[Short text fragments from websites]
::::

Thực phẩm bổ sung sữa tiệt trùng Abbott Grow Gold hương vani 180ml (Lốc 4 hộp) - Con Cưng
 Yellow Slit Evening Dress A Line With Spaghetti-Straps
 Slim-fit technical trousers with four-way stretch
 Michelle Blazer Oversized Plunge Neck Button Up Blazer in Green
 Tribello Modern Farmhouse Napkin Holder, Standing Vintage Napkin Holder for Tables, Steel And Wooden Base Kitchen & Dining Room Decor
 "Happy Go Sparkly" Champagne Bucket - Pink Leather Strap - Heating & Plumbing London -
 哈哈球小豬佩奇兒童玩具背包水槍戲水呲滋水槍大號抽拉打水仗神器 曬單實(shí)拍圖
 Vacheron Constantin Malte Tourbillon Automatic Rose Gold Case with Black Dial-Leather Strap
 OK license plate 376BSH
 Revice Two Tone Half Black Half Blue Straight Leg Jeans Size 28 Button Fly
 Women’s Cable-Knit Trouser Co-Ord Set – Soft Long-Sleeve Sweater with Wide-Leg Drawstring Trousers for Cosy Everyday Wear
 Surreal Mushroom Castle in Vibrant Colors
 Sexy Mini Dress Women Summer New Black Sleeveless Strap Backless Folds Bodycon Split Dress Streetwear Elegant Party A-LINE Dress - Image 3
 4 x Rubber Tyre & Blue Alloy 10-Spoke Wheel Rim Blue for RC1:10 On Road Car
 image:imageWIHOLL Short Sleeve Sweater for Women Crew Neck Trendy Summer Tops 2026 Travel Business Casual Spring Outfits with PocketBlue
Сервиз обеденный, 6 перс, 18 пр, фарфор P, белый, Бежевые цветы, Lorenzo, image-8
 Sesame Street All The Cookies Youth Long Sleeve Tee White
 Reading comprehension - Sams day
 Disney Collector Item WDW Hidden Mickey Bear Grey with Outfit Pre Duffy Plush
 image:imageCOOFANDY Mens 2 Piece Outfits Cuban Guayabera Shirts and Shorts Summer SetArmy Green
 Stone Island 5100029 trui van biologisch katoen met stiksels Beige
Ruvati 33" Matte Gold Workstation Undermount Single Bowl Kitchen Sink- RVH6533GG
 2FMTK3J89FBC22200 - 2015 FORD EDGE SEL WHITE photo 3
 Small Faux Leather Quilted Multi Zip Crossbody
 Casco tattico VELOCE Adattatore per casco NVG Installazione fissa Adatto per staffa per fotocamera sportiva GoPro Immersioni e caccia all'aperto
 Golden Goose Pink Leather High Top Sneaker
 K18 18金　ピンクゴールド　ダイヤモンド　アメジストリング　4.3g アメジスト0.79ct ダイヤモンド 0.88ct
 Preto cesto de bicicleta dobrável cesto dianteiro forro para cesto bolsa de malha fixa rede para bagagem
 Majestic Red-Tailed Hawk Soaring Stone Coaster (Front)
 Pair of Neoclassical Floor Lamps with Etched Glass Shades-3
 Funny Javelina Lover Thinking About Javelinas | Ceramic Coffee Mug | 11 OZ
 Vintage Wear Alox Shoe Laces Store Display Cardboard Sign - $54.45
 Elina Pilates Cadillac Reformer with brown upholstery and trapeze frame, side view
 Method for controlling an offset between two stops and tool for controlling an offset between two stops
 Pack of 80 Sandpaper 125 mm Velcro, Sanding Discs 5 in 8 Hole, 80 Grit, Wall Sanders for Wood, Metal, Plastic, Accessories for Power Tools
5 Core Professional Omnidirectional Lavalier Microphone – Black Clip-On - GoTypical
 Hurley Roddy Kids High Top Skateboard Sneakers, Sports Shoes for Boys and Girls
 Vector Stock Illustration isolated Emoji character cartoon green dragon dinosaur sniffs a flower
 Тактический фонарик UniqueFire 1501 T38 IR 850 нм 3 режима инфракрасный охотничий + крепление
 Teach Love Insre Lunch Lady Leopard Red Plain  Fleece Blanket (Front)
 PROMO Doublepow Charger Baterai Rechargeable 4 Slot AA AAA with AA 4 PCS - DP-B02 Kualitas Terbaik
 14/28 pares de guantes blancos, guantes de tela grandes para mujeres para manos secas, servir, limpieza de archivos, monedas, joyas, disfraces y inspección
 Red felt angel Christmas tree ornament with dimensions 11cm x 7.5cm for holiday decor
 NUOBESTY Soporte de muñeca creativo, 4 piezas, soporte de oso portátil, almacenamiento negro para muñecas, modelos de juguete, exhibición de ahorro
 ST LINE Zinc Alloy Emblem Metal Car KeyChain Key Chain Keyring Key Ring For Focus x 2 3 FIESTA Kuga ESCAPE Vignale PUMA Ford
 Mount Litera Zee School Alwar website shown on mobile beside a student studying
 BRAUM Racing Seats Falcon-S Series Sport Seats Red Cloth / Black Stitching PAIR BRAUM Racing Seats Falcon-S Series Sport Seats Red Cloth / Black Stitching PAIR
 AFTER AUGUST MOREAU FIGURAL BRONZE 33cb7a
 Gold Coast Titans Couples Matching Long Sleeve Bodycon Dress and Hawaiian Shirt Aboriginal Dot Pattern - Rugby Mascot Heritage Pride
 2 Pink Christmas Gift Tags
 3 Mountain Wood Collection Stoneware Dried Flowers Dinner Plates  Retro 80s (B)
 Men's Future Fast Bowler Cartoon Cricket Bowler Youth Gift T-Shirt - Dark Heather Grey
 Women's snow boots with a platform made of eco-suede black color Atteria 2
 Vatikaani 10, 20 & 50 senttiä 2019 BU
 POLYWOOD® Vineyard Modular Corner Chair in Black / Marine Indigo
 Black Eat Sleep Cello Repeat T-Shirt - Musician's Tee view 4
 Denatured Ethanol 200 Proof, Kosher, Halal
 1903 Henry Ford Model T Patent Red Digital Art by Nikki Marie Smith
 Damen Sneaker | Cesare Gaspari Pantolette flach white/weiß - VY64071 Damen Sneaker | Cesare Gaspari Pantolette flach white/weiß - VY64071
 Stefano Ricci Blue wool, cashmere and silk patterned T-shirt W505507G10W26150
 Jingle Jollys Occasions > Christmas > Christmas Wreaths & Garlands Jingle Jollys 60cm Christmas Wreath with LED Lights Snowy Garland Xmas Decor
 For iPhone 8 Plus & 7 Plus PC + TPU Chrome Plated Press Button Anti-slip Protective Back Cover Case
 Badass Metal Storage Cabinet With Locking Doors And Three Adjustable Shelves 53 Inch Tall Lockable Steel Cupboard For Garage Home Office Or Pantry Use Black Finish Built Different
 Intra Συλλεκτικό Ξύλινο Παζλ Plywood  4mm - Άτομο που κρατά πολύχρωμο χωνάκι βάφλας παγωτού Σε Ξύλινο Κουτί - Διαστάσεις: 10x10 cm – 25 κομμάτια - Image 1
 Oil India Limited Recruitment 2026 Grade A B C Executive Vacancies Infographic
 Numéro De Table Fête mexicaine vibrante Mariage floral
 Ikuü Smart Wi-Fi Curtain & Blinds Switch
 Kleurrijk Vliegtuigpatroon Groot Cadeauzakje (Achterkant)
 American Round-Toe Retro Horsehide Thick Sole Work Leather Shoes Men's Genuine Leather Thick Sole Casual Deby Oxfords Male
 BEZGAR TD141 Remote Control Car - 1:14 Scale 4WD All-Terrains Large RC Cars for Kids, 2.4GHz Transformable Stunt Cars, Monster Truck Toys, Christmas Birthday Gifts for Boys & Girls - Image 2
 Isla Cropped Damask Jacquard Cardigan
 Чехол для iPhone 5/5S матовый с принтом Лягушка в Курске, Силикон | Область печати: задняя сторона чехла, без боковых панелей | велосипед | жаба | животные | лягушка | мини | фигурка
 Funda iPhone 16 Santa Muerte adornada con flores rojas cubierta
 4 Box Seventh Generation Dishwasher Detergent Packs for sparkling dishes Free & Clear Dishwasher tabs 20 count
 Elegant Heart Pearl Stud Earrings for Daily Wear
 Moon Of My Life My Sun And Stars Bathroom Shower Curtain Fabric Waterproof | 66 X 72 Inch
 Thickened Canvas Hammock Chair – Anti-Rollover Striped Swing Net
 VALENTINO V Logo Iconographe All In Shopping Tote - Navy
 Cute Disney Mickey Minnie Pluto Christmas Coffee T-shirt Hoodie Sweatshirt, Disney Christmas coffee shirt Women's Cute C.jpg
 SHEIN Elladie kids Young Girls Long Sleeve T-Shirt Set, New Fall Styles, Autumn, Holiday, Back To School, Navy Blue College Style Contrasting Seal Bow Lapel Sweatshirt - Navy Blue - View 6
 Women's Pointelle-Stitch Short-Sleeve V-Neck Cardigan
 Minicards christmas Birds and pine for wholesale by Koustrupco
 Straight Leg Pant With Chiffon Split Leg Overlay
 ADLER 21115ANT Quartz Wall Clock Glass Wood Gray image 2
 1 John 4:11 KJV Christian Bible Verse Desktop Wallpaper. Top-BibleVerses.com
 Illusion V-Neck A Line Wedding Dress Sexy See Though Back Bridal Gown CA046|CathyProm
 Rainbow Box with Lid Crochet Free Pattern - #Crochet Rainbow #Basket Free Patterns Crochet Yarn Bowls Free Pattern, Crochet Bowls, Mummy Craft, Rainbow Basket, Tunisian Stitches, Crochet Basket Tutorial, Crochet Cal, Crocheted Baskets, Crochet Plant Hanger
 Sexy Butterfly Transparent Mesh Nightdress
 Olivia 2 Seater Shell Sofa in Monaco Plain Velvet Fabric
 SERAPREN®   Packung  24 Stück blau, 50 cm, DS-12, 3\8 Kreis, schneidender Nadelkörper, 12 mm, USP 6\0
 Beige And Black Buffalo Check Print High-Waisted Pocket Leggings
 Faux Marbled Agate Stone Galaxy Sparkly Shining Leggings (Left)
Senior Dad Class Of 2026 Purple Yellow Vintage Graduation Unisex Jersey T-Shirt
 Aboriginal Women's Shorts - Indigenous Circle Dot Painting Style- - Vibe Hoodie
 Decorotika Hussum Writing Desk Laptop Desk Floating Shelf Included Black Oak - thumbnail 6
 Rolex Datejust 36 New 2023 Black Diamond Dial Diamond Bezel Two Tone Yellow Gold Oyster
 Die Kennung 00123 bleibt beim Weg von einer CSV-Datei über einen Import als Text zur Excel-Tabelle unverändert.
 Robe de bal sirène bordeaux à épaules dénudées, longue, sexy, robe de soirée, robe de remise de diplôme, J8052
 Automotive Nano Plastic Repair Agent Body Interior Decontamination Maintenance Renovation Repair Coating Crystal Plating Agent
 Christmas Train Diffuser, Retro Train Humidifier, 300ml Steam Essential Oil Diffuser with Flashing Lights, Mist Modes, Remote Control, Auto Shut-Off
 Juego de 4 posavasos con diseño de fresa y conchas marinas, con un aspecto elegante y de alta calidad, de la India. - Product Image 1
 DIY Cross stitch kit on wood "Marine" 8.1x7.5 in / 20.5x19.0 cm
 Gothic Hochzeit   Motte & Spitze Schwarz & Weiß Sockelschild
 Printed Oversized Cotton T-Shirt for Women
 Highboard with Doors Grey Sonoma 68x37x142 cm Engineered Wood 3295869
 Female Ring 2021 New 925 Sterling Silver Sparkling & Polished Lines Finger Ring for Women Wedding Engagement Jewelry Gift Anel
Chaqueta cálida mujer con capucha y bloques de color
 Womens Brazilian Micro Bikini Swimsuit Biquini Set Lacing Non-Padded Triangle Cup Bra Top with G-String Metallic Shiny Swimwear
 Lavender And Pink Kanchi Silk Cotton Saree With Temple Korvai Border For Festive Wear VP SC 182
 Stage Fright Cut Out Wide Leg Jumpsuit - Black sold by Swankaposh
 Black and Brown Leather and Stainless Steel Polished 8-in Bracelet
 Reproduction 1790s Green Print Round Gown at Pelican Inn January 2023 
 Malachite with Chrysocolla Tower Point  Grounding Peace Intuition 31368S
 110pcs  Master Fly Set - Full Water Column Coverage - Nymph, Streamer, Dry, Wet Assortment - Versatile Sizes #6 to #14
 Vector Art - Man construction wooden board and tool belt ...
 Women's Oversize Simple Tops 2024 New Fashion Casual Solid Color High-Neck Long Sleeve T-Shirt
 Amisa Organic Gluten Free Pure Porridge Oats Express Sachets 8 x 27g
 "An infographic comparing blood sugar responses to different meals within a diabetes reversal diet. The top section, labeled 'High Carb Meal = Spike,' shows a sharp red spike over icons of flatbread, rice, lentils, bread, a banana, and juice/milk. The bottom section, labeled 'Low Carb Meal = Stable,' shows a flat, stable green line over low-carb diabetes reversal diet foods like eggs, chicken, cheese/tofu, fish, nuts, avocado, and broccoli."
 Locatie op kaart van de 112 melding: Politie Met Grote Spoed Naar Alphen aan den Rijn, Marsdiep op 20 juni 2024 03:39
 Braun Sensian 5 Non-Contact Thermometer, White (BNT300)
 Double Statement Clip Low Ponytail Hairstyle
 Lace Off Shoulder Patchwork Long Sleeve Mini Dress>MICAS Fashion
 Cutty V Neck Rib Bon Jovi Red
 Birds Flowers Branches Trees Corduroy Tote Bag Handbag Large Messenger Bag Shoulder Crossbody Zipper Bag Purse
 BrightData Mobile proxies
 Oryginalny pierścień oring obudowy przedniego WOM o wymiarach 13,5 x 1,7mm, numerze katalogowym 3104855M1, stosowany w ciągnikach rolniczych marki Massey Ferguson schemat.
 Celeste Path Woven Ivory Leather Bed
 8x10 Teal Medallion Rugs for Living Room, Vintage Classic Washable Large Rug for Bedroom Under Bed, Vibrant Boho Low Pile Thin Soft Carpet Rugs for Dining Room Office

::::

- **EXERCISE PROMPT**
Reproduce the lines of the entries above from the one with "Robe de bal" to the one with "Chaqueta cálida mujer", both included, exactly and without any other line.

- **THE COMPLETED TASK**
 Robe de bal sirène bordeaux à épaules dénudées, longue, sexy, robe de soirée, robe de remise de diplôme, J8052
 Automotive Nano Plastic Repair Agent Body Interior Decontamination Maintenance Renovation Repair Coating Crystal Plating Agent
 Christmas Train Diffuser, Retro Train Humidifier, 300ml Steam Essential Oil Diffuser with Flashing Lights, Mist Modes, Remote Control, Auto Shut-Off
 Juego de 4 posavasos con diseño de fresa y conchas marinas, con un aspecto elegante y de alta calidad, de la India. - Product Image 1
 DIY Cross stitch kit on wood "Marine" 8.1x7.5 in / 20.5x19.0 cm
 Gothic Hochzeit   Motte & Spitze Schwarz & Weiß Sockelschild
 Printed Oversized Cotton T-Shirt for Women
 Highboard with Doors Grey Sonoma 68x37x142 cm Engineered Wood 3295869
 Female Ring 2021 New 925 Sterling Silver Sparkling & Polished Lines Finger Ring for Women Wedding Engagement Jewelry Gift Anel
Chaqueta cálida mujer con capucha y bloques de color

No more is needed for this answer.